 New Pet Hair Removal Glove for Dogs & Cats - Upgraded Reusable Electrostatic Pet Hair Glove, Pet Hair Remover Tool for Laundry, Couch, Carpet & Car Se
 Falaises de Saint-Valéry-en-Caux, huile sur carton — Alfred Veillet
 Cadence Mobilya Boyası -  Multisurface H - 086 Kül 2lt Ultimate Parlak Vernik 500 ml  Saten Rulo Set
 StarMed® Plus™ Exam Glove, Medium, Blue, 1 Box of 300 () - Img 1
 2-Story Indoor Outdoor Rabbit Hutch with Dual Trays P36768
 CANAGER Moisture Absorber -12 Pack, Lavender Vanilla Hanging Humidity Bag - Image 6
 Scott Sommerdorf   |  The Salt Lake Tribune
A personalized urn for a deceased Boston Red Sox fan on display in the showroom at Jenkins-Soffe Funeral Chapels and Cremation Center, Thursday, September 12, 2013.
* * *
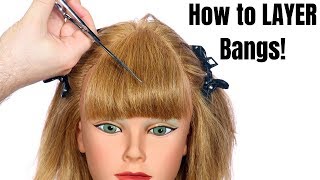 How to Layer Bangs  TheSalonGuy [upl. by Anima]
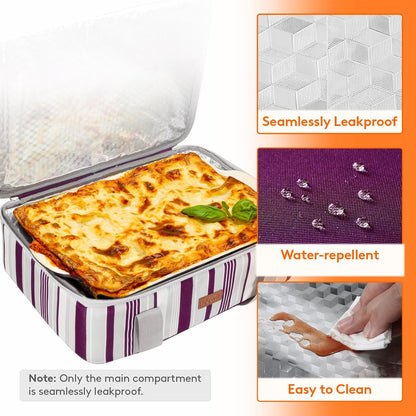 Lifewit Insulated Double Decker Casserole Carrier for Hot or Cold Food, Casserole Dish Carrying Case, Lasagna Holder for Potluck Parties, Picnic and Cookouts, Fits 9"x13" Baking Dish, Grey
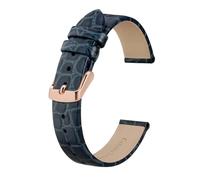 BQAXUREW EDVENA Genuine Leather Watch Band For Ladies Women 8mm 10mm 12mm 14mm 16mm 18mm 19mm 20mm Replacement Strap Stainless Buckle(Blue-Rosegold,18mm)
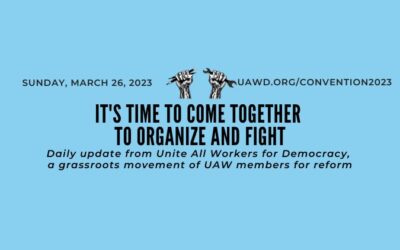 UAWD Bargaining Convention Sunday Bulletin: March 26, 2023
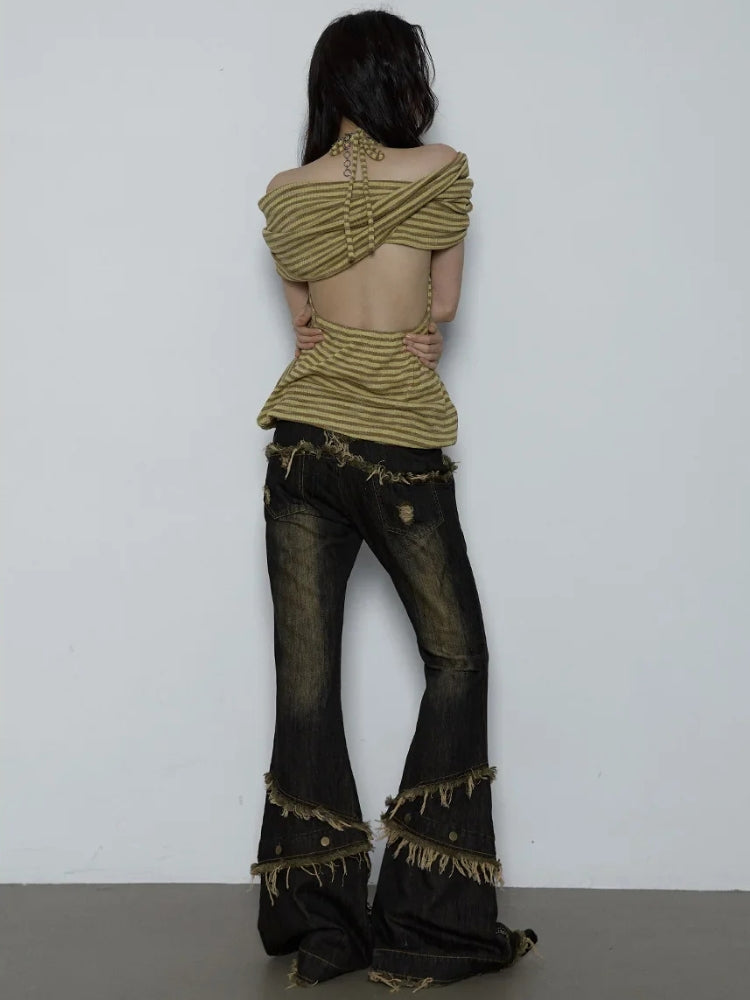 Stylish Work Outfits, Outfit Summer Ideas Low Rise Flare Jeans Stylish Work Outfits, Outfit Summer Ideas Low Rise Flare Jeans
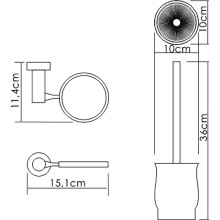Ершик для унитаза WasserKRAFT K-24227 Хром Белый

Problem to work on.
An exact copy of the lines above, from the one containing "New Pet Hair" down to the one containing "StarMed® Plus™ Exam" and including both, is the whole answer; retype it and nothing else.

Answer below.
 New Pet Hair Removal Glove for Dogs & Cats - Upgraded Reusable Electrostatic Pet Hair Glove, Pet Hair Remover Tool for Laundry, Couch, Carpet & Car Se
 Falaises de Saint-Valéry-en-Caux, huile sur carton — Alfred Veillet
 Cadence Mobilya Boyası -  Multisurface H - 086 Kül 2lt Ultimate Parlak Vernik 500 ml  Saten Rulo Set
 StarMed® Plus™ Exam Glove, Medium, Blue, 1 Box of 300 () - Img 1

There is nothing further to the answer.